サッカーJ1の横浜・Fマリノスに再び激震が走っている。
オリジナル10の名門ながら、今季は絶不調。最下位が定位置となり、史上初の2降格の足音が近づく中、5月25日の鹿島アントラーズ戦で久しぶりに勝利を挙げて、クラブワーストの連敗記録を7でストップさせた。
ようやく小さな光が見えてきたと思われた矢先、5月29日に「松永成立GKコーチが電撃退団」とのニュースが報じられたのだ。サッカーライターが解説する。
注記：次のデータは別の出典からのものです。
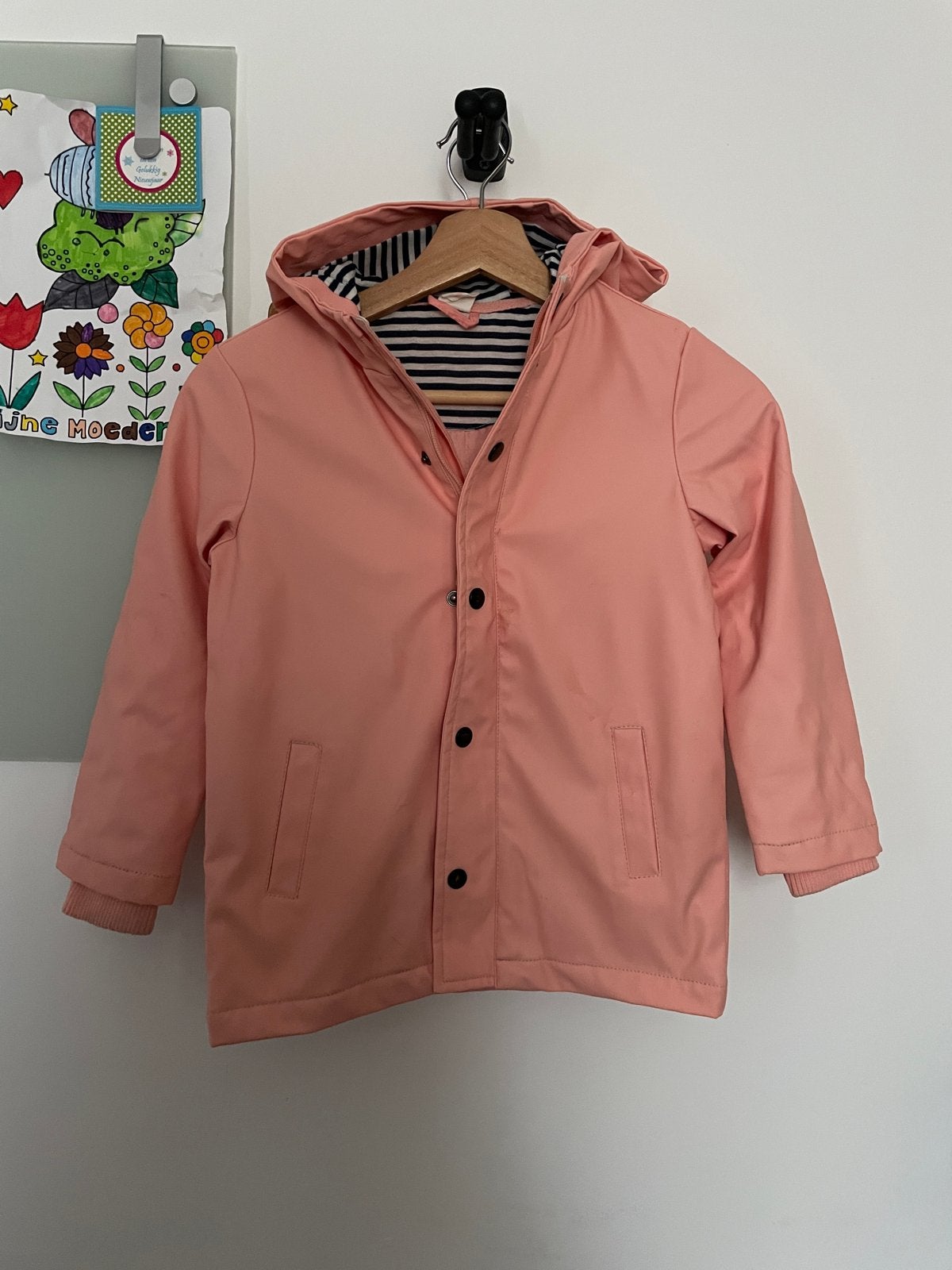 Roze regenjas met gestreepte voering voor kinderen, Verzenden, Zo goed als nieuw, Meisje, Jas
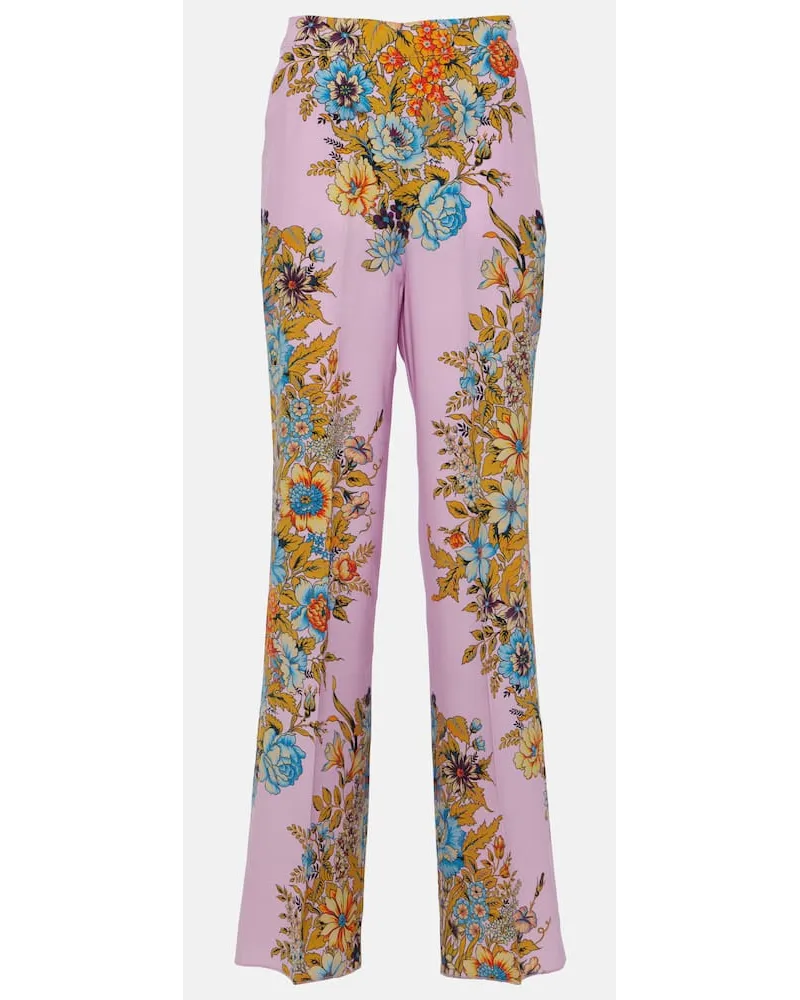 Etro Weite High-Rise-Hose aus Seide Pink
「4月18日に就任1年目のスティーブ・ホーランド監督を解任すると、5月26日には安達亮アシスタントコーチが退任したばかり。そして今度は松永コーチでしょ。現場とフロントの間で意見交換がうまくいっていないのか、サポーターが心配するほど内部崩壊寸前の状態だと思います」
退団した3人の指導者のうち、特にショックが大きいのが、2007年からマリノス一筋だった松永コーチがチームを去ることだ。
「現役時代は日本代表として活躍し、1993年の『ドーハの悲劇』でゴールを守っていたGKです。経験値はピカイチで、引退後は指導者としての才能が開花しました。ここ数年は、無名の存在に近かったGK飯倉大樹や朴一圭らを育ててきました。マリノスのGKは第2、第3といえども、他のクラブであれば即レギュラーになれると言われる。なので、たとえ試合に出場できなくても、松永コーチに師事を仰ぎたいと、移籍を希望する選手がいるほどですね」
選手たちの信頼が厚い名伯楽だけに、最大の窮地の時だからこそ頼りたい存在だった。その「最後の砦」を失ったマリノスは、今後も厳しい降格争いを強いられることだろう。